- Born: December 18, 1955 (age 70) Connecticut
- Occupations: Paranormal researcher TV personality Author Lecturer
- Organization: Paranormal Research Society of New England
- Spouse: Cheryl Zaffis ​(m. 1984)​
- Children: 3
- Website: johnzaffis.com

= John Zaffis =

American paranormal researcher (born 1955)

John Zaffis (born December 18, 1955) is an American paranormal researcher born and based in Connecticut. He starred in the SyFy paranormal reality TV show, Haunted Collector, and runs the Paranormal and Demonology Research Society of New England, which he founded in 1998.

==Career==
Zaffis has over forty years of experience as a paranormal investigator. Research has taken Zaffis all over the United States as well as Canada, England, and Scotland. He lectures at colleges, universities, and libraries throughout the United States, although usually not under academic auspices. Zaffis currently runs the Museum of the Paranormal located in Stratford, Connecticut. He also starred in and wrote the documentary film Museum of the Paranormal, which was released in spring 2010 and produced by New Gravity Media. His first book, Shadows of the Dark, was co-written with Brian McIntyre and published in 2004 through iUniverse.

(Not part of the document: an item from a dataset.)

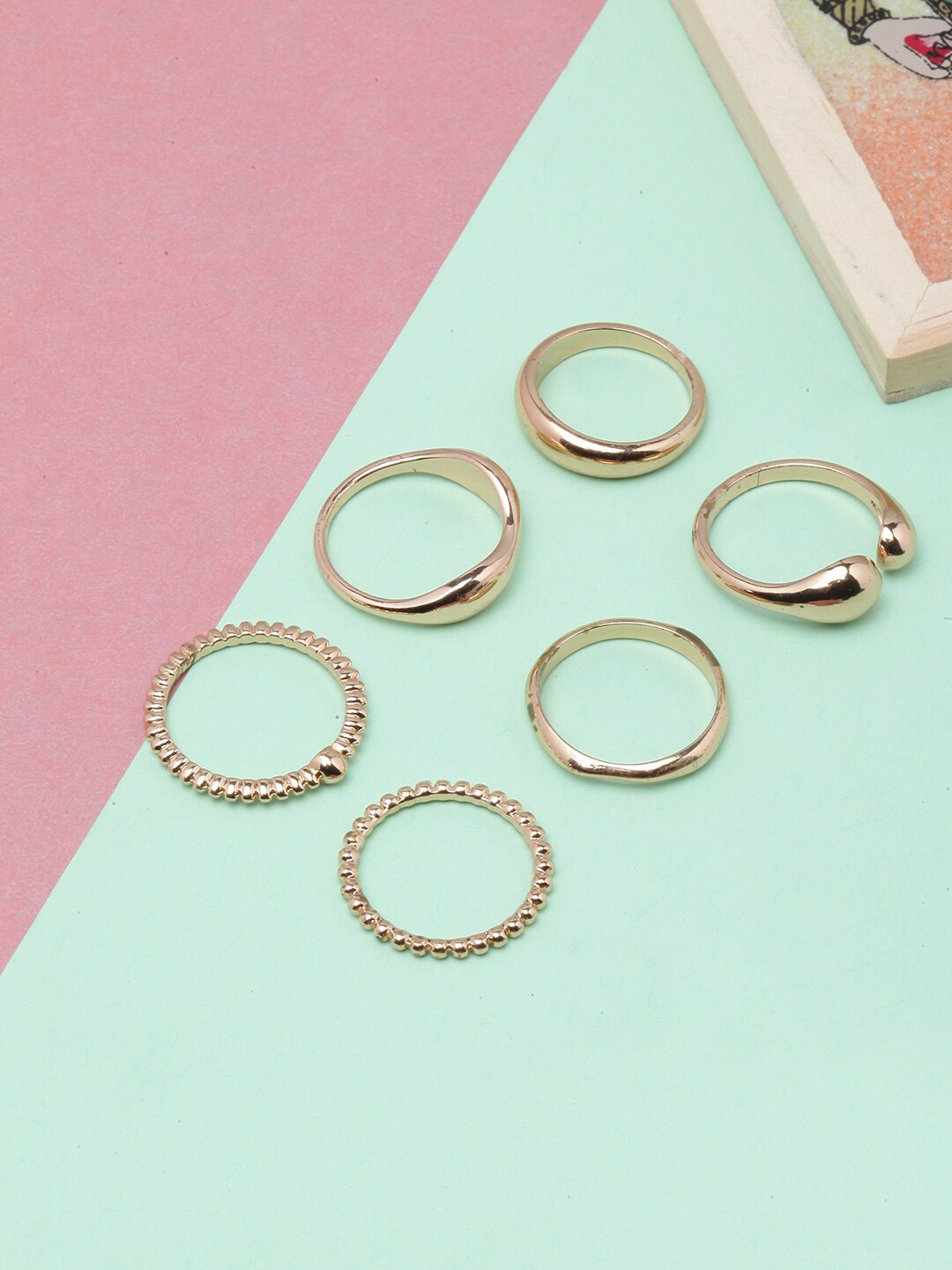 

DressBerry Set Of 6 Gold-Plated Finger Rings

A documentary film on his work and personal life, called John Zaffis: The World Within and produced by CORE Films (which also produced the paranormal documentary series Scared!), was released on September 3, 2010.

==Haunted Collector==
Zaffis starred in a documentary TV series on Syfy called Haunted Collector, which premiered on June 1, 2011. It features him, his son, his daughter, and three other crew members searching for ghosts in certain buildings people call upon him to investigate. The premise of the show is that the crew finds an item in the building that may have some sort of connection with a haunting. John would take certain items claiming they were haunted. The show was initially cancelled in November 2013. It has subsequently been renewed and as of October 2016 is releasing new episodes on Destination America.

==Other media appearances==
Zaffis has made appearances on Unsolved Mysteries, Fox News Live, and the Discovery Channel documentaries Little Lost Souls and A Haunting in Connecticut. He currently co-hosts the Paranormal Nights radio show with Brendan Keenan. Zaffis was also in two episodes of A Haunting ("The Possessed" and "Ghost Hunter") where the main characters of both episodes are possessed by harmful demons. In the 2008 docudrama The Possessed, he plays himself as the demonologist. Zaffis also appeared and was interviewed in the 2009 Ghost Adventures episode at the Remington Arms factory. He also appeared in the 2009 Scared! episode filmed at the Grand Midway Hotel.

Zaffis has appeared six times on the long-running radio program Coast to Coast AM from 2005 to 2007. Often, he is a guest and co-host on the Beyond Reality Radio program hosted by The Atlantic Paranormal Society's Jason Hawes and Grant Wilson.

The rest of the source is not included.